Bochum. . „Im Dickicht der Städte“ gehört zu den Frühwerken von Bertolt Brecht, entstanden ist es zwischen 1921 bis 1924. Für Regisseur Roger Vontobel war es in Bochum eine Ausweicharbeit. Sein eigentliches Projekt „Hedda Gabler“ konnte er wegen der Erkrankung einer Schauspielerin nicht realisieren.

„Ich werde das Stück auch jetzt nicht verstehen“, soll Roger Vontobel im Vorfeld seiner Bochumer Inszenierung von Brechts „Im Dickicht der Städte“ gesagt haben. Vielleicht liegt es daran, dass seine Einrichtung an Rätseln groß bleibt und sich der Sinn des Ganzen dem Zuschauer nicht so recht erschließen will. Dabei hatte Vontobel diesen frühen Brecht bereits 2011 schon einmal in Paris eingerichtet, für Bochum brauchte es also nur noch einer Überarbeitung.

„Große mythische Vergnügung“

Genutzt hat es nicht viel. „Der Kampf zweier Männer in der Riesenstadt Chicago“ hat Brecht sein Stück untertitelt. Eine Anspielung wohl auf den Boxsport, der dem Autor nach 1920 als „große mythische Vergnügung“ viel Spaß bereitet hat. Aber von einem wirklichen Kampf zwischen dem asiatischen Holzhändler Shling (Matthias Redlhammer) und dem kleinen Angestellten George Garga (Florian Lange) ist eigentlich nicht viel zu spüren. Laut Brecht liegt es wohl an der „Vereinsamung in der Großstadt“, dass Shlink sich ein perfides Spiel einfallen lässt, um den geistig nicht sehr großzügig ausgestatteten Garga in die Knie zu zwingen.

Die Freundin wird zur Hure

Als er es mit Geld nicht schafft, den Angestellten zu erniedrigen, führt er ihm kurzerhand seine angetrunkene Freundin als Hure vor und konfrontiert ihn mit der Tatsache, dass seine Schwester bei ihm wohl nicht nur als Hausmädchen arbeitet. Garga will wegrennen vor diesem Zerfall seines Lebens, landet am Ende jedoch nur nackt und bloß in den Fängen seines Peinigers.

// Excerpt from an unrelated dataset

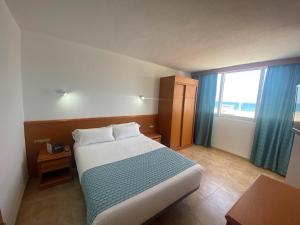 a hotel room with a bed and a window at Bahía Serena in Roquetas de Mar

Da ist kein Widerstand zu spüren, dem sonst so überzeugenden Florian Lange bleibt hier von Anfang an nur die eindimensionale Ausdrucksskala des schwitzenden, hitzigen Prolls – selbst als Shlink ihm seine Firma überantwortet, um endlich vom Spiel mehr gefordert zu werden. Denn dieser dampfend dumme Garga ist ihm in dieser Inszenierung nun wahrlich kein ebenbürtiger Gegner. Und wenn er ihm schließlich seine Existenz vollends raubt, ist auch da keine Steigerung der Emotion mehr möglich. Das Opfer hat all sein bisschen Kraft bereits verschossen.

Lauter zweifelhafte Regieeinfälle

So versinkt denn der Sinn von Brechts ohnehin befremdlichem Konstrukt in lauter zweifelhaften Regieeinfällen. Die reichen von Gargas Eltern als fettem, Chips fressendem Prekariat über das finale Absinken der Gegner auf die Primatenstufe bis hin zur Live-Gitarrenmusik (Daniel Murena), die schläfrig einen Sound zu finden sucht, dem ganzen aber keinen Rhythmus geben kann. Am Ende hat man zumindest begriffen, dass zwei Stunden sehr lang sein können.